India largest emitter of SO2 in world: Greenpeace

India is the largest emitter of anthropogenic sulphur dioxide in the world, as per data released by Greenpeace.

Created On: Aug 20, 2019 10:21 ISTModified On: Aug 20, 2019 11:47 IST
Greenpeace report
Greenpeace report

India is the largest emitter of anthropogenic sulphur dioxide in the world, as per the data released by environmental NGO Greenpeace on August 19, 2019. Anthropogenic sulphur dioxide is produced from burning of coal and it is known to largely contribute to air pollution.

The analysis of NASA data released by Greenpeace reveals that India has over 15 percent of all anthropogenic sulphur dioxide (SO2) hotspots in the world. The SO2 hotspots were detected by the OMI (Ozone Monitoring Instrument) satellite.

SO2 Hotspots in India

The main SO2 hotspots in India include Singrauli in Madhya Pradesh, Korba in Chhattisgarh, Talcher and Jharsuguda in Odisha, Neyveli and Chennai in Tamil Nadu, Kutch in Gujarat, Ramagundam in Telangana and Chandrapur and Koradi in Maharashtra. As per the data, the majority of the plants in India lack flue-gas desulfurization technology to reduce air pollution.

SO2 Hotspots in the World

The NASA data revealed that Norilsk smelter complex in Russia is the largest SO2 emission hotspot in the world, followed by Kriel in Mpumalanga province in South Africa and Zagroz in Iran. 

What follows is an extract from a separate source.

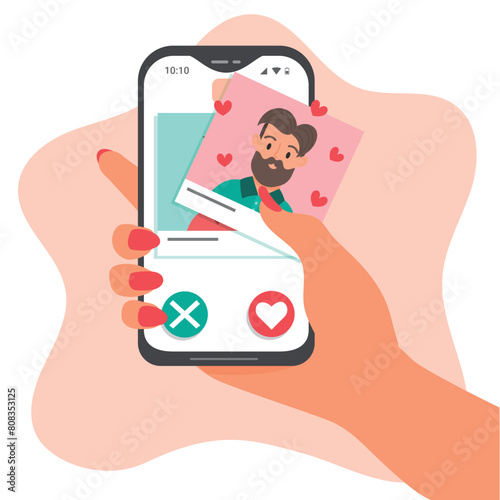 Dating app swipe concept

However, in the country-wise ranking, India topped the list in emitting SO2 as it has the maximum number of hotspots.

SO2 emission impact

SO2 emission is a significant contributor to air pollution and the largest source of SO2 in the atmosphere is  burning of fossil fuels in power plants and other industrial facilities.

Air pollution has become a huge public health concern with 91 percent of the world's population living in areas where air pollution exceeds the guideline limit set by the World Health Organization (WHO). As a result of air pollution, around 4.2 million people are dying prematurely every year.

How to control the SO2 emission?

According to environment experts, India should take stricter action against coal power plants and should not give them a free to hand to continue polluting the atmosphere and cause a public health emergency.

The Environment Ministry had introduced SO2 emission limits for coal power plants in December 2015 and set the initial deadline to control SO2 emissions from power generation by December 2017.

The deadline was later extended till December 2019 after a request from the Ministry of Power and power plant operators in Delhi-NCR and till 2022 for some other power plants across the country through a Supreme Court order.